Home/Blog/News & Updates/Pragmatic Programmers + Educative: What's new?
Home/Blog/News & Updates/Pragmatic Programmers + Educative: What's new?

Pragmatic Programmers + Educative: What's new?

12 min read
Oct 26, 2022

I’m Dave Rankin, CEO of the Pragmatic Programmers. Unlike many publishers, our company is founded and heavily staffed by software developers. Our books get developers face-to-face with real-world problems to give them the practical experience they need to succeed in their roles. From the foundations to the cutting edge, our content covers various topics and is backed by a worldwide network of experts and educators.

A lot has changed for the Pragmatic Programmers since we last appeared on the Educative blog in June 2020. We’d just kicked off our partnership with Educative back then, inspired by our shared hands-on approach to developer learning. Two years and 50 projects later, Educative’s team and interactive platform have given us more ways to present our content than ever before.

We’re thrilled about how much stronger our partnership with Educative has become, but our partnership is just one of many recent initiatives that we’re excited about at PragProg. From supporting higher education to launching new series, I want to take this opportunity to update you on all the new things we’ve had cooking in these last two years.

Who we are: The Pragmatic Programmers#

Our methodology: Hands-on with real-world problems#

Our team knows the realities of being a software developer because most of us have personally been there. We know that, at the end of the day, developers are always solving problems. We also know that experience is the greatest teacher—that’s why hands-on learning is central to our instructional methodology.

When a developer learns a new technology with us, they don’t just learn what it is—they learn what they can do with it, its pitfalls and advantages, and how it relates to other technologies currently important to the industry. Most importantly, they build with it.

You can learn all the information in the world about something in the abstract, walk away confidently, and still be completely lost at your desktop if you don’t know how that theory translates into action.

Theory is important, but it needs to be paired with hands-on experience.
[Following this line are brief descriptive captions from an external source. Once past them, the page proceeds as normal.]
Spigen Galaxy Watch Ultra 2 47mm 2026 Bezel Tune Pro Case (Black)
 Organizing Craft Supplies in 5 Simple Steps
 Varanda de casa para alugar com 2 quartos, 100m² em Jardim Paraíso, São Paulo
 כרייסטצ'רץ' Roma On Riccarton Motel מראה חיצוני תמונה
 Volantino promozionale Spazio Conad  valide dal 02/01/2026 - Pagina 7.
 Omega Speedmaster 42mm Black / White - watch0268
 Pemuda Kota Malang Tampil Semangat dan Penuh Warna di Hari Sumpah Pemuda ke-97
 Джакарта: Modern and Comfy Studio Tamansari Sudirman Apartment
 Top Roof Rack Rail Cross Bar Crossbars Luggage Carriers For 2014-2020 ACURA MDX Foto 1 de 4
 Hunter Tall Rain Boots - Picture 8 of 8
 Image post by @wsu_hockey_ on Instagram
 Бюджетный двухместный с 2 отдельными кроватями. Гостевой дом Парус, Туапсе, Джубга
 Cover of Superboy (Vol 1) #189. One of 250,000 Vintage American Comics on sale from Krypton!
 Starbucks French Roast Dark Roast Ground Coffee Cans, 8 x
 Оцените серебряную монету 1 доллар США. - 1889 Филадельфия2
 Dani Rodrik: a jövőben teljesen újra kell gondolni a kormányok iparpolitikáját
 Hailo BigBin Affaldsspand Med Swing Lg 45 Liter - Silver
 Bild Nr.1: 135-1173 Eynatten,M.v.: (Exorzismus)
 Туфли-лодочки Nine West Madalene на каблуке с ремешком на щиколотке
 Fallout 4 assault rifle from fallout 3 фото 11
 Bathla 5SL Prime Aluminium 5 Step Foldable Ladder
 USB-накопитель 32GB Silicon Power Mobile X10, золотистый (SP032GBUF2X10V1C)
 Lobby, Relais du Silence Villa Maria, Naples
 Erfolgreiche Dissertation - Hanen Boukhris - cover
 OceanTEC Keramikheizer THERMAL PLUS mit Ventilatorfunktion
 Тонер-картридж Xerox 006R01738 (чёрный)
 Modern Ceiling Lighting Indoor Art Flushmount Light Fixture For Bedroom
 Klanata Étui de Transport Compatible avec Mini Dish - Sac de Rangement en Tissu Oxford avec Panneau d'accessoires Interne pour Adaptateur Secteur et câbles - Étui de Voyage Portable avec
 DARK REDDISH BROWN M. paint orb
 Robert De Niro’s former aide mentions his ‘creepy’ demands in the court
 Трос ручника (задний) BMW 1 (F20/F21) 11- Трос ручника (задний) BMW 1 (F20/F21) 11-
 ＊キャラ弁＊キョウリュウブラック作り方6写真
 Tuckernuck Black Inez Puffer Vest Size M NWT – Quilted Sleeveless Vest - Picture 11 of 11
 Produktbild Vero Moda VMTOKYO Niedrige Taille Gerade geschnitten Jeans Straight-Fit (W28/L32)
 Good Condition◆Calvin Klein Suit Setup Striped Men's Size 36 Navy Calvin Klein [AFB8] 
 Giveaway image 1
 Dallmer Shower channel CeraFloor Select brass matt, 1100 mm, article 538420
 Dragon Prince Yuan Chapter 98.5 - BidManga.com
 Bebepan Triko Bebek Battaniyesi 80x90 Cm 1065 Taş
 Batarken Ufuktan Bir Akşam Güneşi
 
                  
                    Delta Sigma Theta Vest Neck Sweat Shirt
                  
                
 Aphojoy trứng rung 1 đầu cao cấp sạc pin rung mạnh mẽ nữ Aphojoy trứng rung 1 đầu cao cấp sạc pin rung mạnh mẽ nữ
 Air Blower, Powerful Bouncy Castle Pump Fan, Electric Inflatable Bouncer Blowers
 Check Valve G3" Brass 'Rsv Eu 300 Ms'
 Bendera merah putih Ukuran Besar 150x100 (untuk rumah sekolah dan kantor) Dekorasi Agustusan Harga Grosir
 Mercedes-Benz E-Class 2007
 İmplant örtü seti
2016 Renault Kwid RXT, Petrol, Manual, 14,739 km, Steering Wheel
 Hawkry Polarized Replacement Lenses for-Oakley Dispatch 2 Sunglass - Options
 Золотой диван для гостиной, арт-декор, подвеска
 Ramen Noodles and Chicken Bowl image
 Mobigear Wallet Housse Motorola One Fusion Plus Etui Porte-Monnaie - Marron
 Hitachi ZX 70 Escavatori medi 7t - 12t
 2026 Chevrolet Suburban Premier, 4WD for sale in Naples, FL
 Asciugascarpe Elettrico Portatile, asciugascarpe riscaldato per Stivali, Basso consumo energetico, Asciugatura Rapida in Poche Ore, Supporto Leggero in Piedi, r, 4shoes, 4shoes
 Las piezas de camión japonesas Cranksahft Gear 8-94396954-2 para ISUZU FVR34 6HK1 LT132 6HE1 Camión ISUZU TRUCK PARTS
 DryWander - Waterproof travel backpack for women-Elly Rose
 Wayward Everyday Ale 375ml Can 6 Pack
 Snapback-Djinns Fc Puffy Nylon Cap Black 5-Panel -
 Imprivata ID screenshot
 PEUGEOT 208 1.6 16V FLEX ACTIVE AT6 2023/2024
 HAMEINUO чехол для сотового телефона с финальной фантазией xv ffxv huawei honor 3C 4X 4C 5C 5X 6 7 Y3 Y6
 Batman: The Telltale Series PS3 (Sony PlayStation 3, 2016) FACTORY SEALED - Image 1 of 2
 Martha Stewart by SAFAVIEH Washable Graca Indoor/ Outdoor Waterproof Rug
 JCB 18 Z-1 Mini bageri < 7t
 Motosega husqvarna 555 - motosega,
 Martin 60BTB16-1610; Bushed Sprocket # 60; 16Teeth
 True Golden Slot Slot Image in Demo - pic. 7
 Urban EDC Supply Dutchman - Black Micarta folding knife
Our content brings theory to life by leaning heavily on exercises and projects, giving learners the firsthand experience that’s crucial to effective learning and retention.

We believe that offering learners more ways to interact with content provides them with a better chance at getting a deeper understanding of it.

To give developers as many opportunities to learn as possible, our publishing formats span the physical and digital. We offer eBooks, paperbacks, audiobooks, serialized content, and Medium web-based readings, as well as Educative courses.

Our bookshelf: Essentials to emerging topics#

Our content covers a range of topics equally wide in variety as the problems developers face in their roles. Depending on their industry or career level, a developer could be posed with problems related to anything from software and technology to management and ethics.

While we love all our authors, our most in-demand content tends to be:

  • Authored by a technology’s recognized creators or central community members
  • Covering emerging and cutting-edge topics

For many years, we’ve been the go-to source for all things Ruby. The same is true with our Elixir courses, which were written by the language creators. We’ve recently been making great inroads with some of the most popular books on Rust as well.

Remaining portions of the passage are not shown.